Tras la convalecencia y la medalla, regresó a casa y fue ascendiendo en el escalafón, languideciendo largos años entre reuniones, cócteles y maniobras. La llamada del destino llegó en 1943: Patton desembarcó en Casablanca, marchó a Túnez y derrotó al Afrika Korps en El Guettar pero se enfureció al enterarse de que Rommel, su admirado enemigo, no tomó parte en la batalla. Durante la invasión de Sicilia le ordenaron cubrir el flanco izquierdo de Montgomery pero pronto improvisó una arriesgada marcha a través de la isla, liberó Palermo y entró en Messina antes que los británicos. Polémicas aparte, se ganó una merecida fama como el más dinámico, agresivo e imprevisible de los jefes aliados. Llamaba la atención, entre otras muchas cosas, por lo llamativo de su uniforme y por las cachas blancas de sus revólveres. Se decía que eran de nácar pero Patton corrigió: ??Son de marfil. Sólo un chulo de Nueva Orleans llevaría nácar?.  Aunque no era un hombre del pueblo como Bradley o Eisenhower, sino un aristócrata, sus tropas lo adoraban con un cariño inédito en el ejército estadounidense desde los tiempos del general Lee. En cambio los alemanes lo temían y la inteligencia aliada empezó a usarlo como señuelo: su sola presencia en Malta sembró el pánico ante un desembarco americano en Grecia y, en vísperas del día D, el alto mando alemán aún estaba convencido de que la invasión la dirigiría Patton en el paso de Calais.

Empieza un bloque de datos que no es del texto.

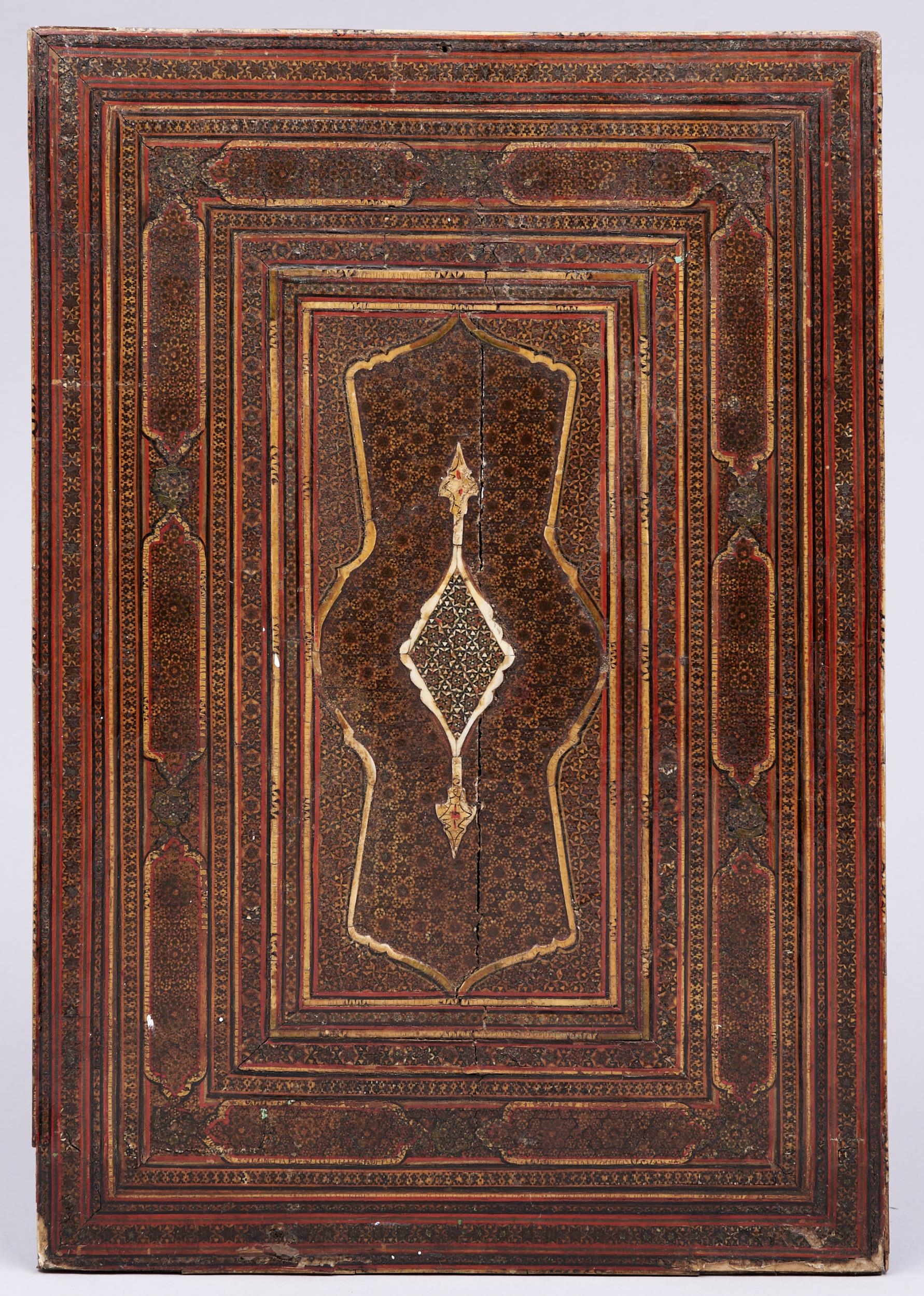 A Qajar inlaid and lacquered polychrome khatamkari mirror case back, 19th c, 54 x 37cm Much old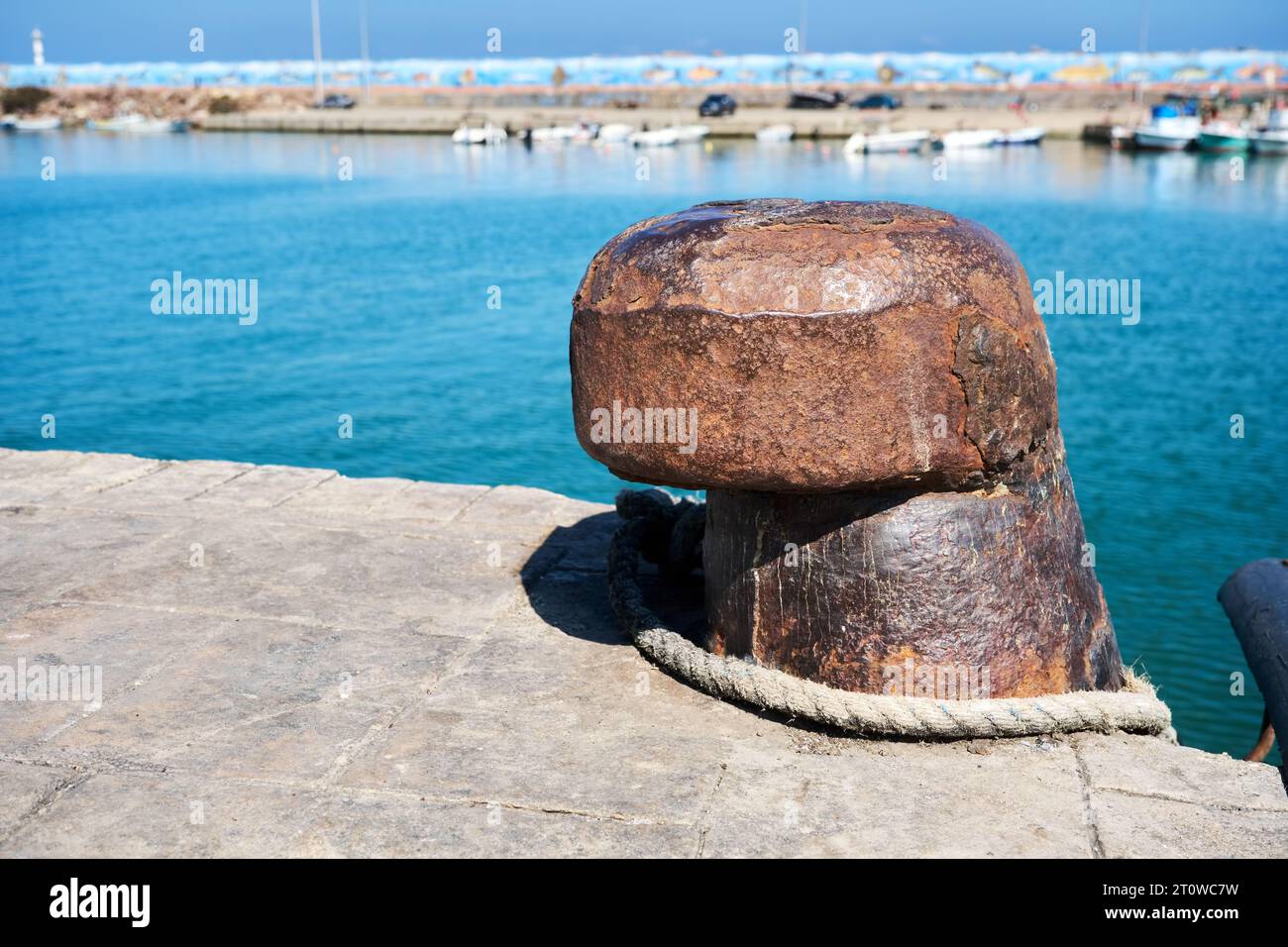 Vieux bollard d'amarrage en acier rouillé avec fond de bateaux de mer et de pêche. Banque D'Images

Se perdió Normandía pero en julio de 1944 cogió las riendas del Tercer Ejército, forjado a su imagen y semejanza, y atravesó Francia en una ofensiva fulgurante. Sus superiores se desgañitaban para frenarlo mientras sus oficiales se salían literalmente de los mapas. Envolvió a los alemanes en la bolsa de Falaise, se adelantó con su jeep para orinar en el Sena y luego siguió hasta Metz. Allí el Tercer Ejército quedó clavado por falta de gasolina y Patton se lamentó amargamente porque nuevamente favorecían a Montgomery. Dijo que podía haber cruzado hasta Berlín ??tan rápido como la mierda a través de un ganso?.

Sin embargo, en diciembre un poderoso contraataque alemán en Las Ardenas rompió toda la línea aliada. Cuando la 101 aerotransportada quedó cercada en Bastogne, Patton, en un alarde napoleónico, aseguró que en dos días él podía girar el rumbo de su avance, liberar Bastogne y cortar en dos el ataque alemán. La marcha de 160 kilómetros a través de la nieve le ganó un lugar de honor en la historia bélica. En marzo, tras su tradicional meada al cruzar el Rin, fingió que se caía para coger con las manos un puñado de tierra alemana, el mismo gesto de Guillermo el Conquistador al desembarcar en Inglaterra en 1066.

Cuando llegó la paz se sentía como un trasto inútil: si por él fuese, hubiese llevado sus tanques hasta Moscú. Nombrado gobernador de Baviera, no dejó de meter la pata hasta que lo relevaron del mando de su amado Tercer Ejército. Vestido de gala, se echó a llorar en la sala de amputados del hospital Walter Reed: ??Maldita sea, si fuese mejor general, muchos de vosotros no estaríais aquí?. En diciembre de 1945 se rompió el cuello en un absurdo accidente de tráfico en Mannheim. Agonizó dos semanas antes de perder su primera y última batalla.